WHAT NEEDS TO BE DONE:
Leaving the pictures out, transcribe the records below exactly.

DATA SUPPLIED:
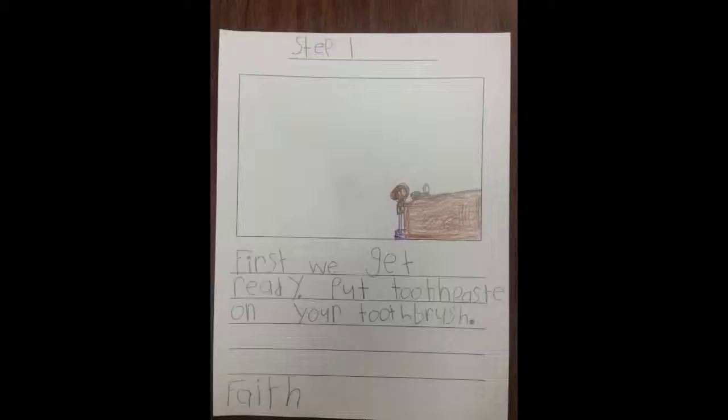Step 1: Get Ready. Put Toothpaste On Your Toothbrush.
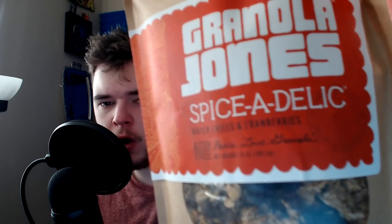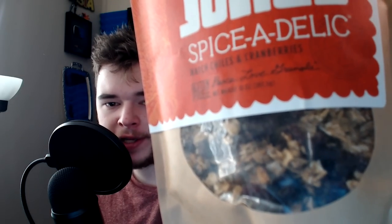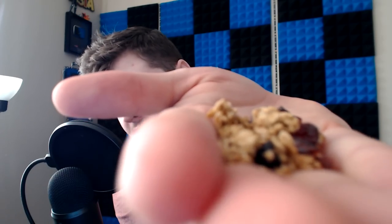Next up — this is a big package. It's around Christmas time. I'm going to guess this is some kind of popcorn. So what we have is a bag of granola — Granola Jones, 'Spiceadelic,' hatch chilies and cranberries. That sounds right up my alley. I like spicy stuff, I like spicy and sweet stuff, salty and sweet stuff — any combination of that. I like granola. Let's try them out. I just know I'm going to love these. We've got three more things to go — let's try it.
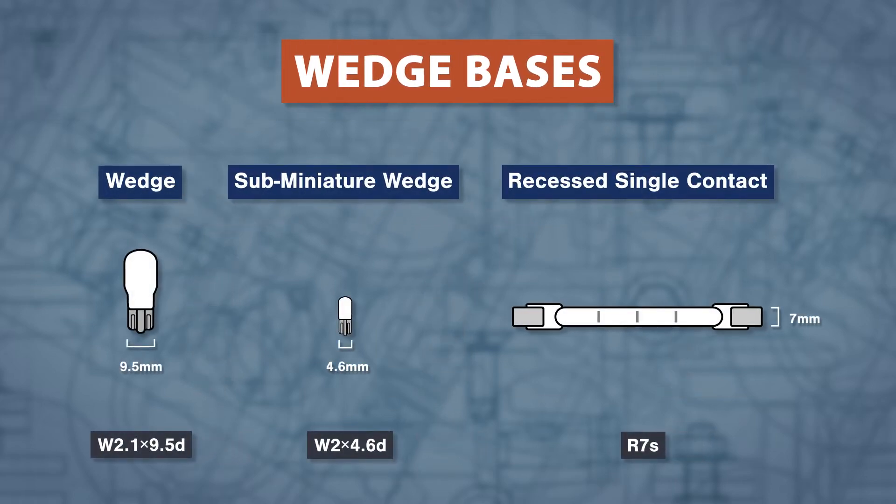For wedge bases, the most common size is the 9.5mm wedge. The sub-miniature wedge will measure 4.6mm across. One unique wedge base is the recessed single contact base used in work lights.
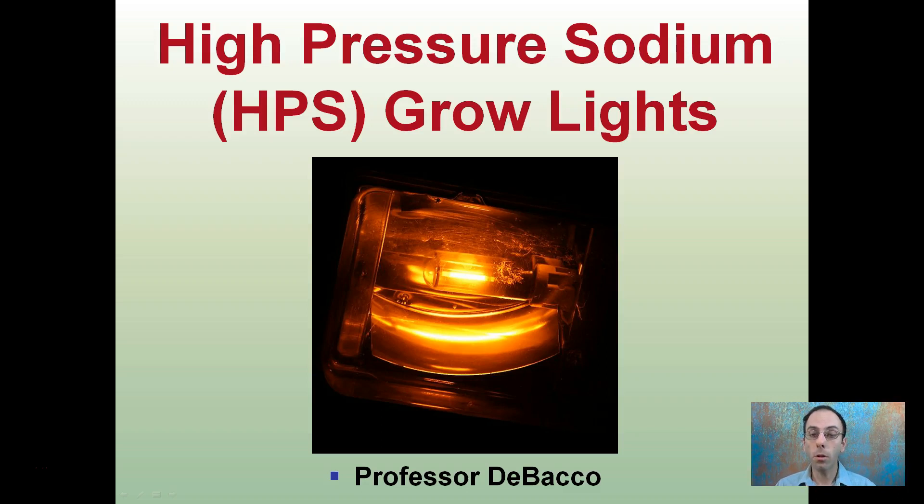Here we talk about HPS grow lights, which stands for high pressure sodium. They're very easy to distinguish because they tend to produce this kind of yellowish orange coloration to their light spectrum, at least as interpreted by the human eye.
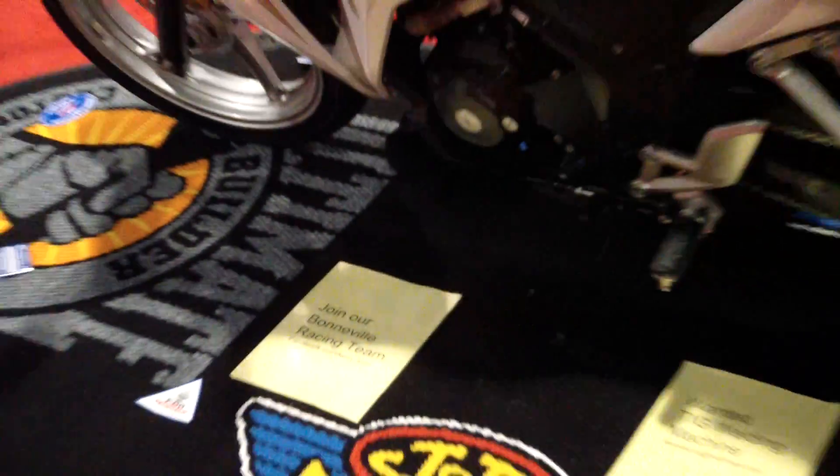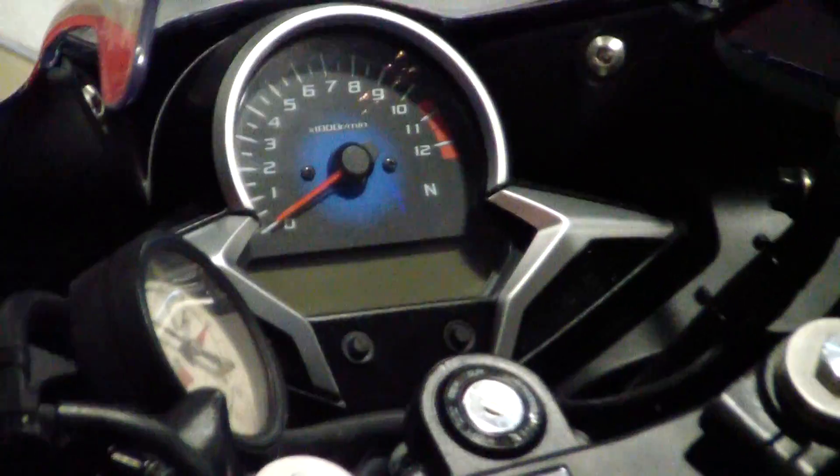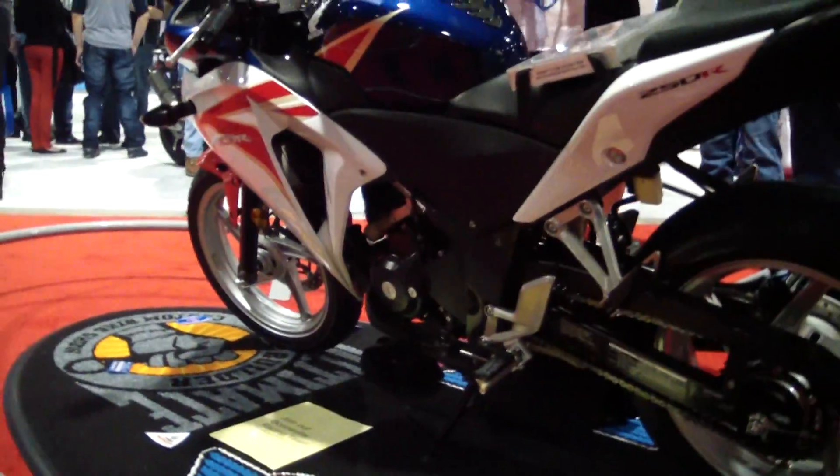If you want to join their Bonneville racing team, there you go. Can't see much in there. I see there's something.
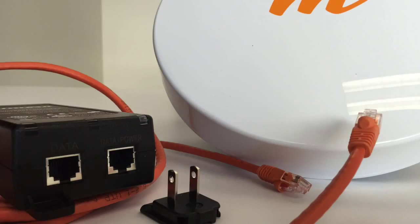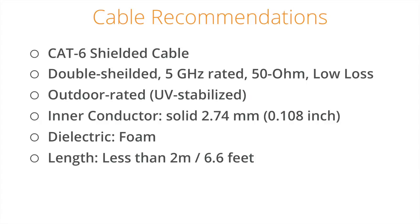Now that your computer is set up, you are ready to physically connect your computer to the Mimosa device via Ethernet. Along with the device and power supply from the box, you will also need two Ethernet cables. Ethernet cables are not included, as the required length of cable will vary. These should be CAT6 shielded cables of a comfortable length for your setup.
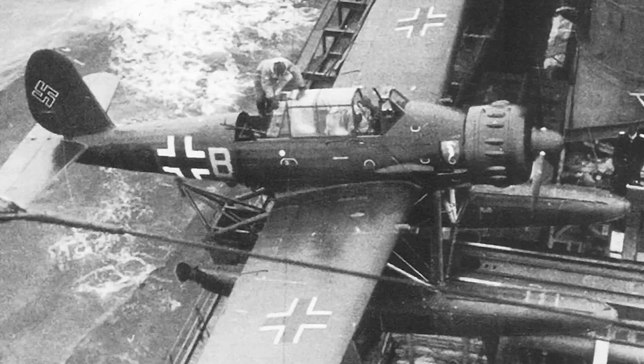The AR-196 was involved in two particularly important operations: the capture of HMS Seal and the interception of the Royal Air Force's Armstrong Whitworth Whitley bombers. Although it was no match for a fighter, the aircraft was considerably better than its allied counterparts and generally considered the best in its class.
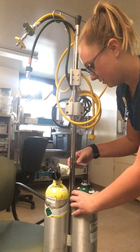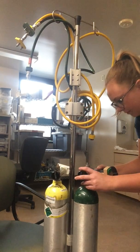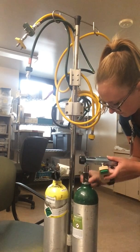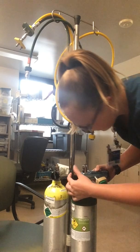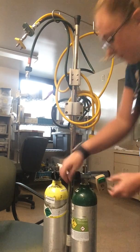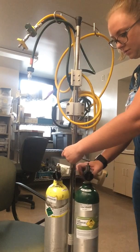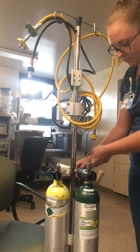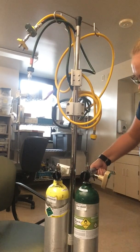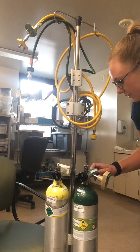First off, I'm going to crack the tank. It's an empty tank so it won't make any sound. Make sure that's nice and tight. I'm going to take a careful turn. I have about five liters per minute going right now. It's obviously empty, so turn that off.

ANSWER SECTION:
Step 1: Get Ready. Put Toothpaste On Your Toothbrush.
Next up — this is a big package. It's around Christmas time. I'm going to guess this is some kind of popcorn. So what we have is a bag of granola — Granola Jones, 'Spiceadelic,' hatch chilies and cranberries. That sounds right up my alley. I like spicy stuff, I like spicy and sweet stuff, salty and sweet stuff — any combination of that. I like granola. Let's try them out. I just know I'm going to love these. We've got three more things to go — let's try it.
For wedge bases, the most common size is the 9.5mm wedge. The sub-miniature wedge will measure 4.6mm across. One unique wedge base is the recessed single contact base used in work lights.
Here we talk about HPS grow lights, which stands for high pressure sodium. They're very easy to distinguish because they tend to produce this kind of yellowish orange coloration to their light spectrum, at least as interpreted by the human eye.
If you want to join their Bonneville racing team, there you go. Can't see much in there. I see there's something.
Now that your computer is set up, you are ready to physically connect your computer to the Mimosa device via Ethernet. Along with the device and power supply from the box, you will also need two Ethernet cables. Ethernet cables are not included, as the required length of cable will vary. These should be CAT6 shielded cables of a comfortable length for your setup.
The AR-196 was involved in two particularly important operations: the capture of HMS Seal and the interception of the Royal Air Force's Armstrong Whitworth Whitley bombers. Although it was no match for a fighter, the aircraft was considerably better than its allied counterparts and generally considered the best in its class.
First off, I'm going to crack the tank. It's an empty tank so it won't make any sound. Make sure that's nice and tight. I'm going to take a careful turn. I have about five liters per minute going right now. It's obviously empty, so turn that off.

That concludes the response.